→ TASK GOAL:
Take the listing below and print exactly the lines starting at the line containing "Guangdong Cotton Thick" and ending at the line containing "執(zhí)法員向當事人普法宣傳并糾正違法行為.jpg", both ends included, and no others.

→ DATASET:
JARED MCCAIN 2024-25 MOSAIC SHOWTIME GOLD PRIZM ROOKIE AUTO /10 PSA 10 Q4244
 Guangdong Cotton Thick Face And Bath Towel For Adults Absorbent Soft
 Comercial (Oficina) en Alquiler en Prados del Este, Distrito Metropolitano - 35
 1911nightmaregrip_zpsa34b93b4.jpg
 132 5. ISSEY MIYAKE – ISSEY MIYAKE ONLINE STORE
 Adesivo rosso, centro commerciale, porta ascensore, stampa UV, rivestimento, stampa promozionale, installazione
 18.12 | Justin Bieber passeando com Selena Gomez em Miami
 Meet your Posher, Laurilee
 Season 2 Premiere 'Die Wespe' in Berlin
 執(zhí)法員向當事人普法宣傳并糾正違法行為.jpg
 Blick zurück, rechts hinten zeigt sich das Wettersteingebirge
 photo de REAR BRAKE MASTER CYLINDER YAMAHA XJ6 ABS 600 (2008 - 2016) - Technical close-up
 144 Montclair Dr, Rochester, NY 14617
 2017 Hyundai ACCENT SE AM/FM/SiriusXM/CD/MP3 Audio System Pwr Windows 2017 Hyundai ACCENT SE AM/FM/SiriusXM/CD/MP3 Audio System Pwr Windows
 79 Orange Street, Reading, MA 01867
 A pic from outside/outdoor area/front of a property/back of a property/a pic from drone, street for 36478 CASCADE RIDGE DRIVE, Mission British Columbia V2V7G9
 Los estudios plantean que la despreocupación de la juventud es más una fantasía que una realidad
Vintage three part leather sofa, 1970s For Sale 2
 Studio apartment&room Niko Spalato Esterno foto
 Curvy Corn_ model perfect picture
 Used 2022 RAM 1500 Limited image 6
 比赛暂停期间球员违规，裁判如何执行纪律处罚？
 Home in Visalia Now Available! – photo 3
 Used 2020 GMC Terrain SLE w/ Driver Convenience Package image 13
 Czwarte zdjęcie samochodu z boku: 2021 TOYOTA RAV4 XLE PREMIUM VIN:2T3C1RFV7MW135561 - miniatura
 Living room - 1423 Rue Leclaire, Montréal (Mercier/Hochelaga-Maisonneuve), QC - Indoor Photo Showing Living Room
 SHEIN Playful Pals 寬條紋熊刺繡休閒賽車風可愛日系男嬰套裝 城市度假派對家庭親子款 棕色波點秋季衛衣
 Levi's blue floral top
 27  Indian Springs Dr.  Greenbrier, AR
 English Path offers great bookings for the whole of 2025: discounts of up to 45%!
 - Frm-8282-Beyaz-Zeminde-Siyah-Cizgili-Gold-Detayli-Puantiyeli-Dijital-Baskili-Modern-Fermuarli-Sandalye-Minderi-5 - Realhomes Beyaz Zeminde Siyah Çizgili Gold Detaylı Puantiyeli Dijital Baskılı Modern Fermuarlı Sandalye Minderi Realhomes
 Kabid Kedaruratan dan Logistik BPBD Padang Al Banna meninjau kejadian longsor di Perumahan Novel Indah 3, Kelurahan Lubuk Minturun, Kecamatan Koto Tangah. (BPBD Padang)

→ OUTPUT OF THE TASK:
 Guangdong Cotton Thick Face And Bath Towel For Adults Absorbent Soft
 Comercial (Oficina) en Alquiler en Prados del Este, Distrito Metropolitano - 35
 1911nightmaregrip_zpsa34b93b4.jpg
 132 5. ISSEY MIYAKE – ISSEY MIYAKE ONLINE STORE
 Adesivo rosso, centro commerciale, porta ascensore, stampa UV, rivestimento, stampa promozionale, installazione
 18.12 | Justin Bieber passeando com Selena Gomez em Miami
 Meet your Posher, Laurilee
 Season 2 Premiere 'Die Wespe' in Berlin
 執(zhí)法員向當事人普法宣傳并糾正違法行為.jpg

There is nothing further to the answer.